**Dataset entries**

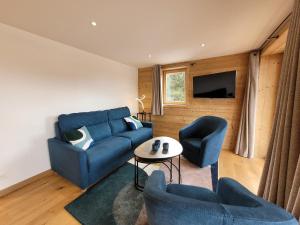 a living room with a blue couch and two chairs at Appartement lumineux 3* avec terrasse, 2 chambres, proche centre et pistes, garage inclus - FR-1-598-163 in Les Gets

* * *

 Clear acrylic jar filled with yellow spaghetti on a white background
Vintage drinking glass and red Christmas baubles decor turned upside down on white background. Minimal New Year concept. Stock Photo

--

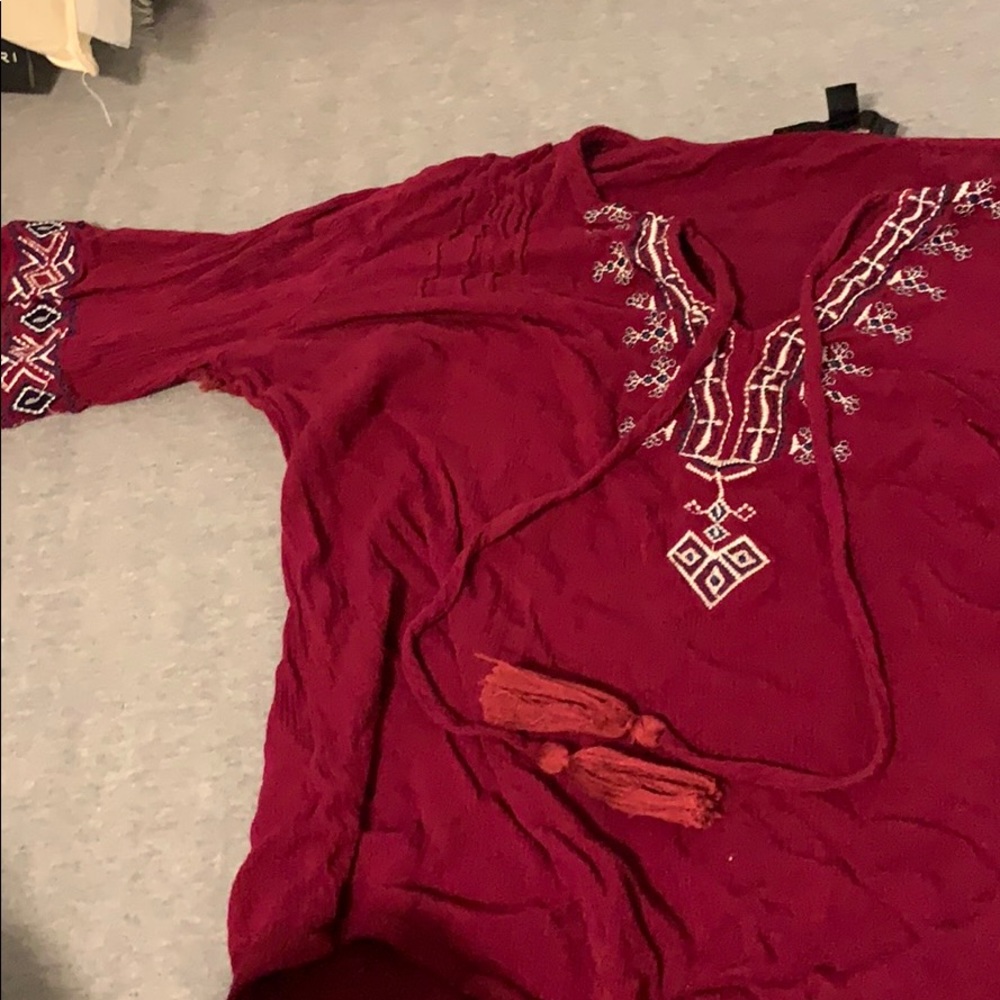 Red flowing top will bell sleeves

**Action item**
Identify every line above with the string "background" in it. Copy those lines.

**Task answer**
 Clear acrylic jar filled with yellow spaghetti on a white background
Vintage drinking glass and red Christmas baubles decor turned upside down on white background. Minimal New Year concept. Stock Photo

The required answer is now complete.